Work to complete: Please, in the data that follows, copy exactly the lines from the line with "Imprint On Purple" through the last one, both included. Do not include pictures.

###

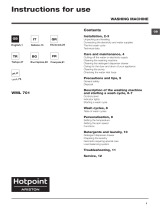 Hotpoint WML 701 EU.M Manuale del proprietario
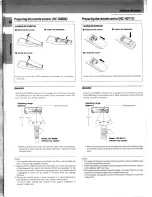 Preview for 14 page of Kenwood KRF-V7020D User Manual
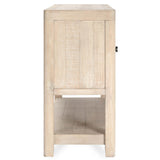 Tenno 4 Door Cabinet, Natural-Furniture - Storage-High Fashion Home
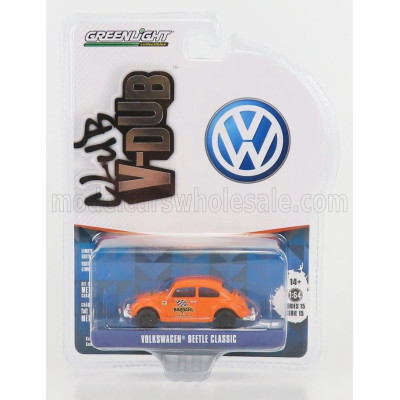 GREENLIGHT VOLKSWAGEN BETTLE KAFER CLASSIC BARDAHL 1959 - ORANGE 1/64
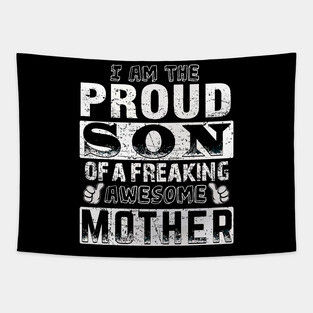 Mother for the proud son Tapestry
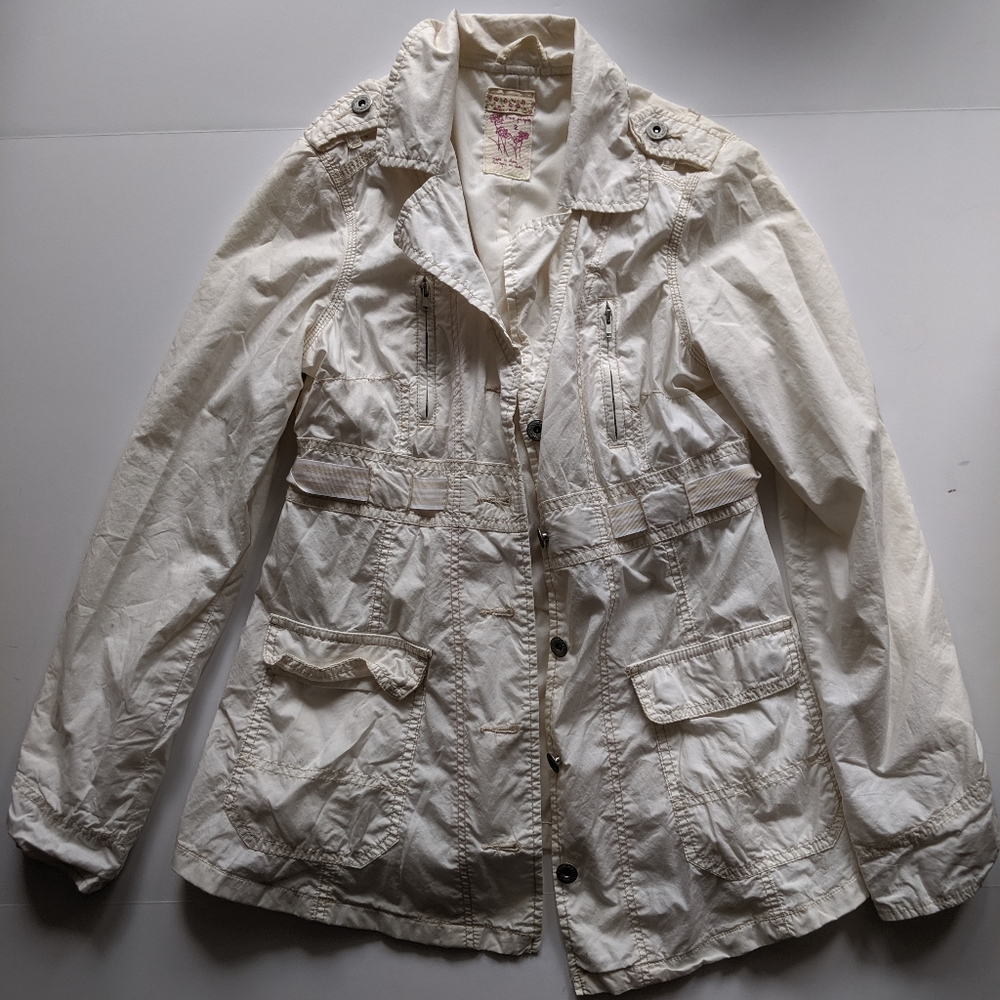 NWOT Free People Cotton Utility Jacket Whi…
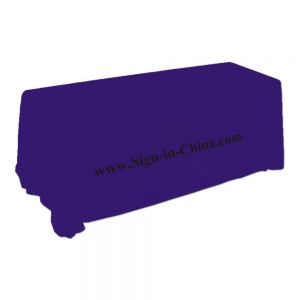 ผ้าคลุมโต๊ะ  รูปทรงสี่เหลี่ยม ,ด้านยาว 6 ฟุต(4) (พร้อมกำหนด การพิมพ์ สัญญาลักษณ์ ได้เองโดยผู้ใช้งาน  บนผ้าสีม่วง)---6ft(4) Full Length Sides Rectangular Table Throws with Custom Logo Imprint On Purple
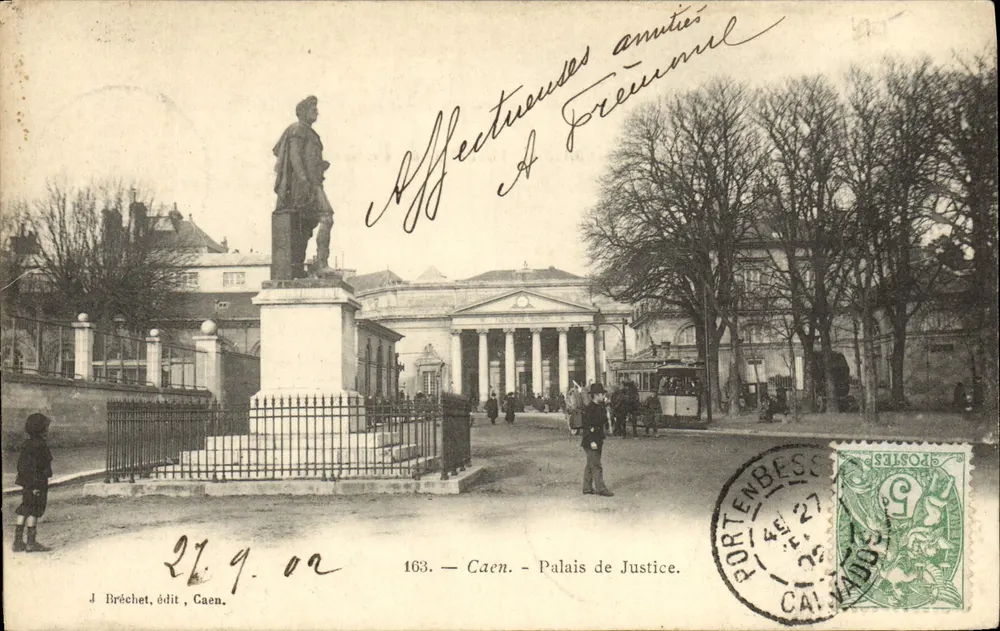 Caen — Paleis van Justitie — J. Bréchet, edit. Caen, n° 163 - Voorkant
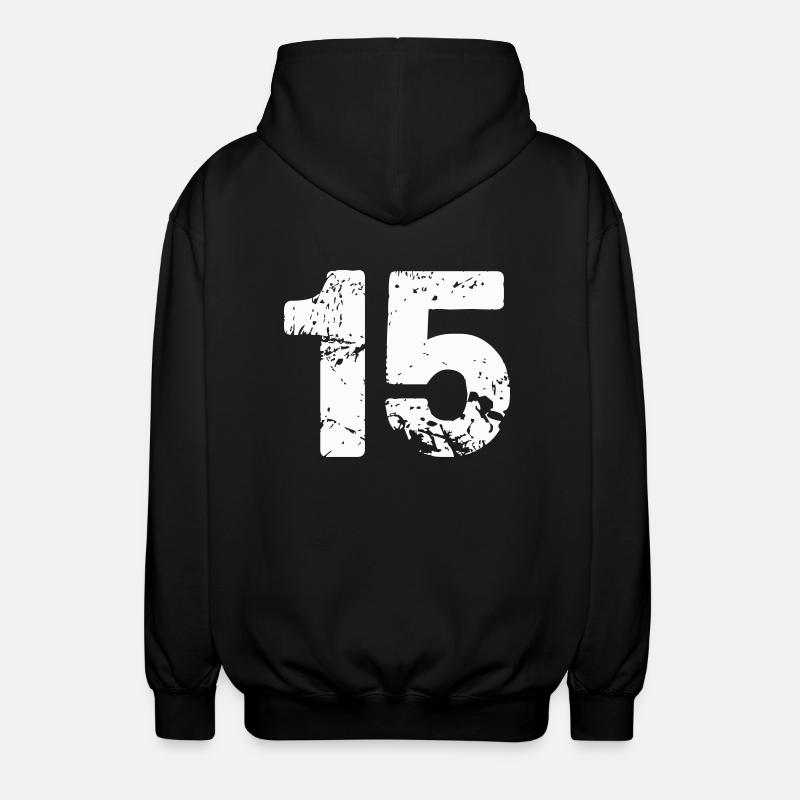 15 - Veste à capuche unisexe - noir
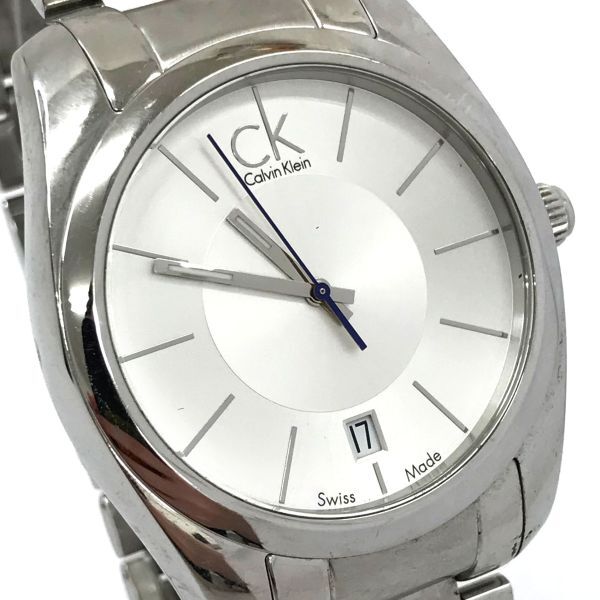 Calvin Klein Calvin Klein STRIVE K0K21120 наручные часы кварц дыра ro ground серебряный модный с коробкой батарейка заменена рабочее состояние подтверждено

###

Task response:
 ผ้าคลุมโต๊ะ  รูปทรงสี่เหลี่ยม ,ด้านยาว 6 ฟุต(4) (พร้อมกำหนด การพิมพ์ สัญญาลักษณ์ ได้เองโดยผู้ใช้งาน  บนผ้าสีม่วง)---6ft(4) Full Length Sides Rectangular Table Throws with Custom Logo Imprint On Purple
 Caen — Paleis van Justitie — J. Bréchet, edit. Caen, n° 163 - Voorkant
 15 - Veste à capuche unisexe - noir
 Calvin Klein Calvin Klein STRIVE K0K21120 наручные часы кварц дыра ro ground серебряный модный с коробкой батарейка заменена рабочее состояние подтверждено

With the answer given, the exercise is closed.